A region of interest (ROI) as used in this context refers simply to a 2D spectral window or “box” associated with a spectral transition from a molecular entity. Regions of interest were manually defined for 91 ROIs within Newton by drawing boxes overlaid on the spectra (see graphical view in Figure 1A-C). Results from previous cell wall profiling studies [8, 10, 11, 25] and model compounds were used to determine the footprint of the ROIs appearing in the figures and to assign 52/91 ROIs in the various spectral regions. As an ROI is drawn once and can be superimposed onto any spectrum, the time required to define their boundaries is based only on the number of ROIs, rather than the number of spectra.

Figure 1
figure 1

Annotated high-resolution, solution-state 2D 1H–13C HSQC NMR of a wild-type Arabidopsis spectrum in the A) lignin aromatic, B) polysaccharide anomeric, and C) lignin-polysaccharide regions.
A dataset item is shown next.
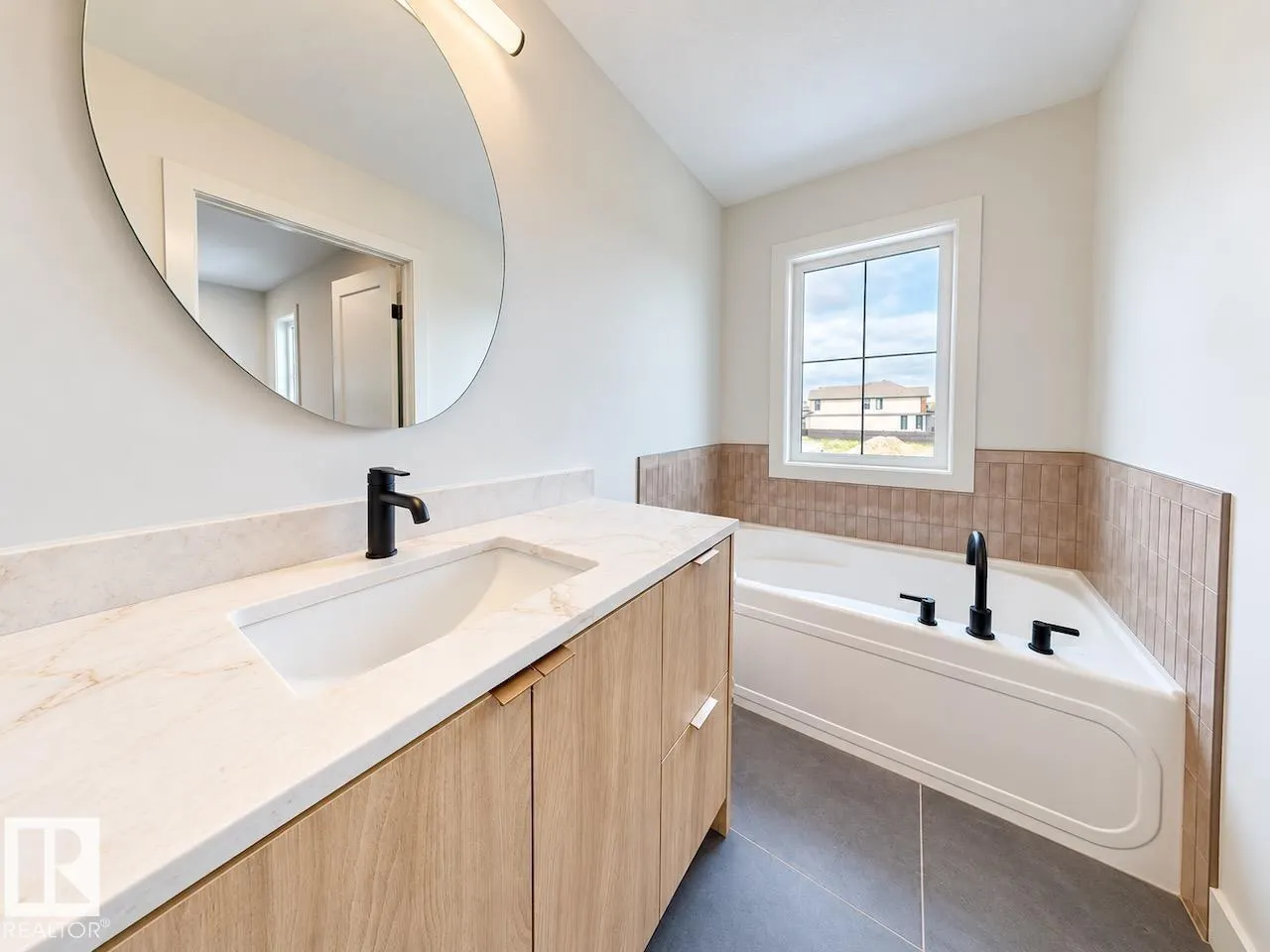 2216 Crossbill Link NW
The rectangular boxes denote ROIs that correspond to assigned NMR transitions (colored boxes with annotations) or simply resolved regions of the spectrum that have yet to be assigned (gray boxes). The unassigned regions are associated with an ID that is used to identify them in the feature matrix. To avoid crowding the figure, the ID does not appear as a label. The lowest contour in the figure corresponds to an intensity level of 3 SD of rms noise.
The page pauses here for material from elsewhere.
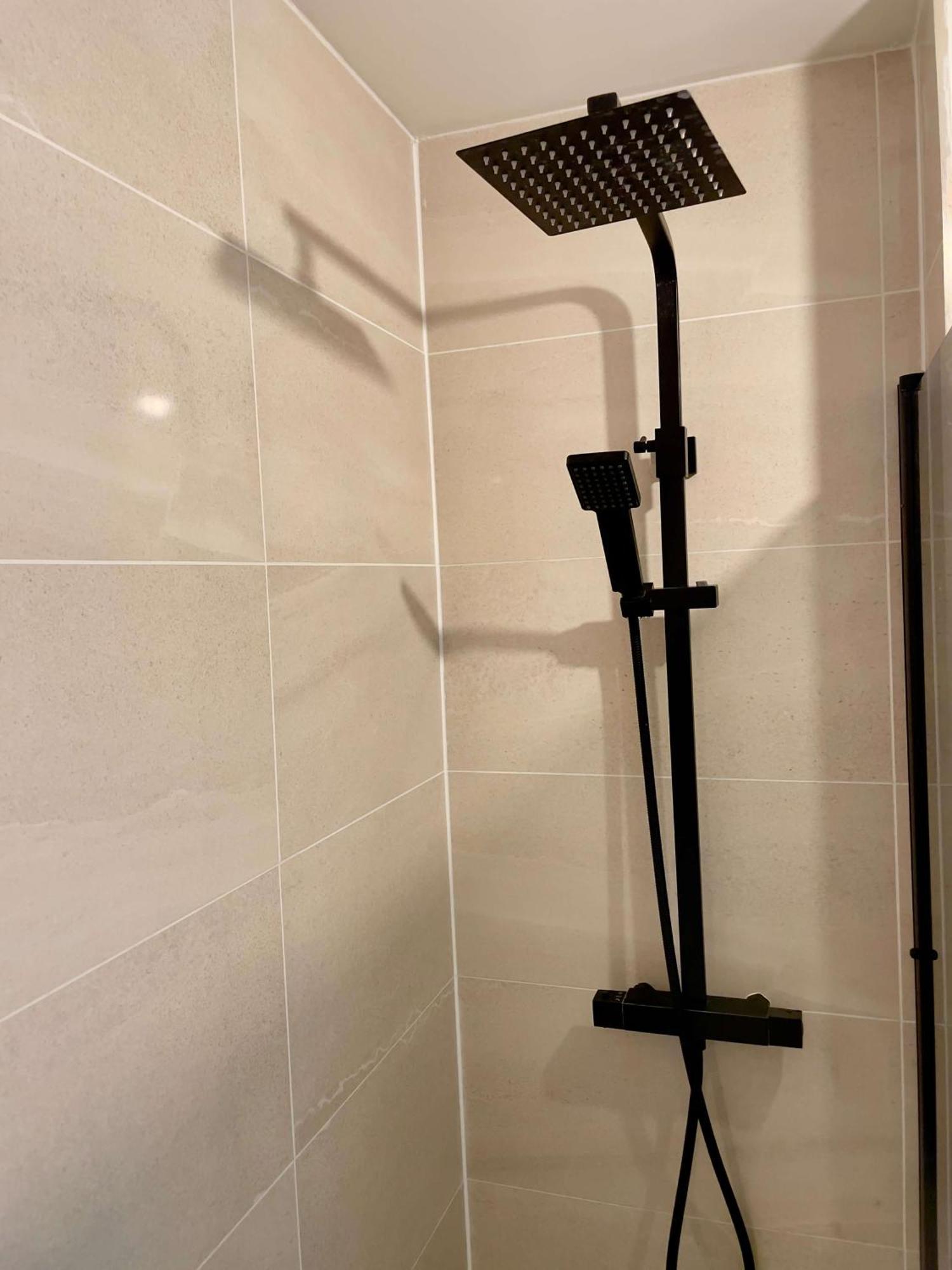 Bright And Beautiful 2Bdr Central London Flat מראה חיצוני תמונה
For future studies, ROIs defined from earlier studies can be imported and graphically adjusted to align with the local spectra.

Fast maximum-likelihood reconstruction (FMLR)

The detailed theory and equations for applying the maximum-likelihood method to analysis of NMR data have been reported previously [19, 20], and most recently for the analysis of 2D 1H–13C data sets in a metabolomics context [17]. The specific steps for performing spectral deconvolution of the Arabidopsis data in this study consisted of:

  1. 1.

    Prototype Signal Generation: An isolated signal was graphically selected by the operator as an archetypal signal. The signal giving rise to the peak was fitted using a model whose basis functions and model parameters are specified in Table 2. The decay rate (linewidths) obtained from this optimization were used as initial values for further modeling. For the Arabidopsis study, the prototype linewidth was 80 Hz along both the 1H and 13C dimensions.

  2. 2.

    Constraint Specification: The FMLR algorithm uses constraints on linewidth to assist in convergence of the fitting algorithm in crowded spectral areas. Linewidth constraints are specified as a multiple of the prototype linewidth along each dimension. For the study reported here, the linewidth was constrained to be a factor of 1/2 to 2 relative to the prototype linewidth, i.e., 40–160 Hz.

  3. 3.

    Choosing Noise Thresholds: During spectral deconvolution (see below), signals are added incrementally in a series of iterations. Initially the pick threshold is set to the maximum peak height and is then reduced geometrically by a factor of 2 at the conclusion of each iteration. The analysis algorithm is terminated when the pick threshold reaches a minimum value specified as a multiple of signal-to-noise. The S/N threshold for this study was 4.0.

  4. 4.

    Spectral Deconvolution: To avoid modeling extraneous features of the spectrum, only those peaks in a spectrum contained within at least one ROI were modeled by spectral deconvolution. Spectral deconvolution was initiated after steps 1–3 above and continued without operator intervention for a series of 10 iterations that yielded 22,389 signals (5 × 22,389 = 111,945 total parameters) across the 98 data sets. The total duration time of the analysis was 28 minutes on an off-the-shelf Pentium laptop [AMD Phenom II N870 Triple-Core Processor 2.3 GHz, 6.0 GB RAM, Windows 7 SP 1 2009 64 bit OS, Java 1.6.0_25_b06 with Java Hot Spot (TM) 64 bit server virtual machine].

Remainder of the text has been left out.